Monte Carlo Aircraft Noise Simulation Dashboard.
Built a MATLAB-based Monte Carlo workflow and App Designer dashboard to model EPNL noise variation across flight, engine, and environmental parameters.
Built a probabilistic aeroacoustic simulation tool to quantify uncertainty in aircraft noise predictions.
During my co-op at Pratt & Whitney Canada, I developed a MATLAB Monte Carlo simulation workflow that converted deterministic aircraft-noise inputs into probabilistic input distributions. The tool repeatedly sampled flight, engine, and environmental parameters, ran each case through an existing aeroacoustic model, and summarized the resulting EPNL variation using percentile-based uncertainty bands.
I also built an App Designer interface around the workflow so engineers could configure active uncertainty parameters, run large simulation batches, view statistical outputs, and export plots without manually editing input files or scripts.
Public technical summary only.

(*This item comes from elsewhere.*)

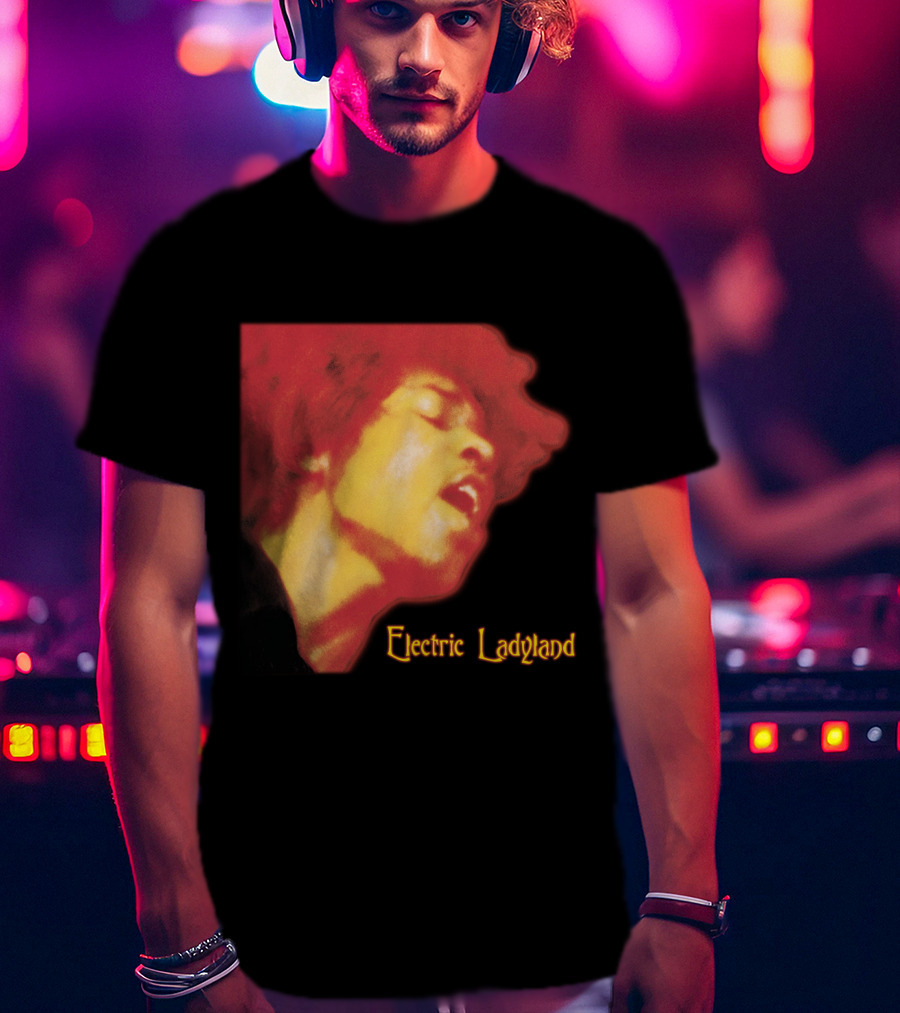 Electric Ladyland Jh T-Shirt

Proprietary model details, datasets, and internal validation methods are excluded.
- 01Built a MATLAB Monte Carlo workflow that sampled flight, engine, and environmental parameters and ran each case through an existing aeroacoustic model to produce probabilistic EPNL distributions.
- 02Wrote a percentile-based uncertainty summary that converted thousands of raw simulation runs into bounded EPNL bands engineers could compare against deterministic baselines.
- 03Built an App Designer interface so engineers could toggle active uncertainty parameters, launch large simulation batches, inspect statistical outputs, and export plots without editing scripts.